Under the surface, the mantle blob melted, turning from solid rock to fluid magma. The magma then bled, bruise-like, through sediments. As the magma spread, it formed thousands of horizontal sheets known as sills that cooked organic matter in the sediments. This cooking produced methane and carbon dioxide gas that burst through vents in the seafloor. As sheet after sheet of magma bled into the expanding bruise for millennia, more and more gas bubbled from the ocean like a boiling pot.

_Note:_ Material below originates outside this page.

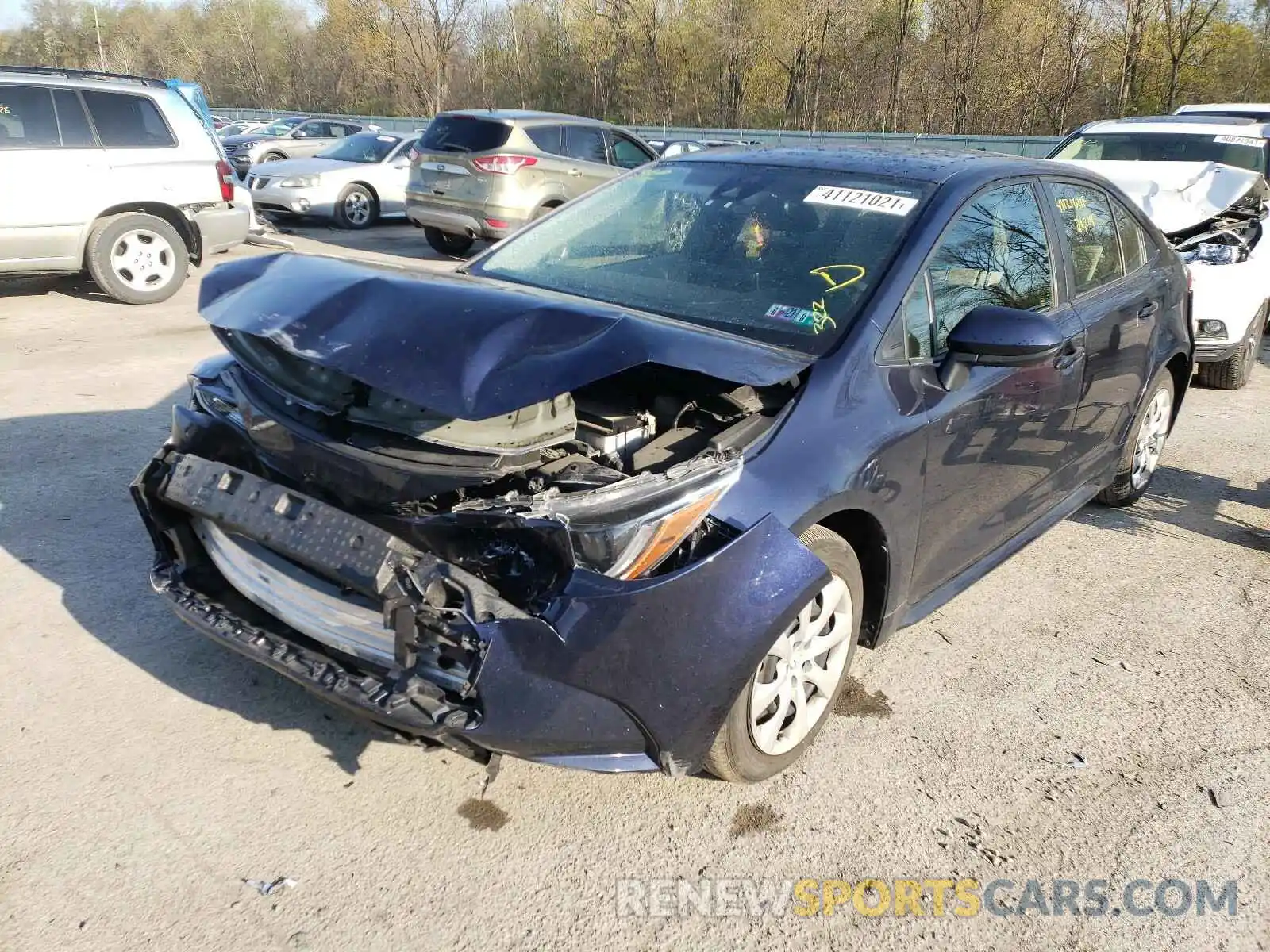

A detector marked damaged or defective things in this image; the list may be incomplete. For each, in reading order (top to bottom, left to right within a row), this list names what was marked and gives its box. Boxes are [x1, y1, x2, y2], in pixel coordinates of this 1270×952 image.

Evidence indicates that suspiciously close in time to all that igneous activity, the planet warmed by 5 degrees Celsius (9 degrees Fahrenheit). In this ancient warming event, known as the Paleocene-Eocene Thermal Maximum, or PETM, land suffered intense downpours, while ocean acidification and heat drove many marine species extinct. Many land animals went extinct as well and were replaced by dwarf species. The Arctic had alligators, giant tortoises, and vegetation typical of Florida today, and sea levels were around 300 feet higher than now.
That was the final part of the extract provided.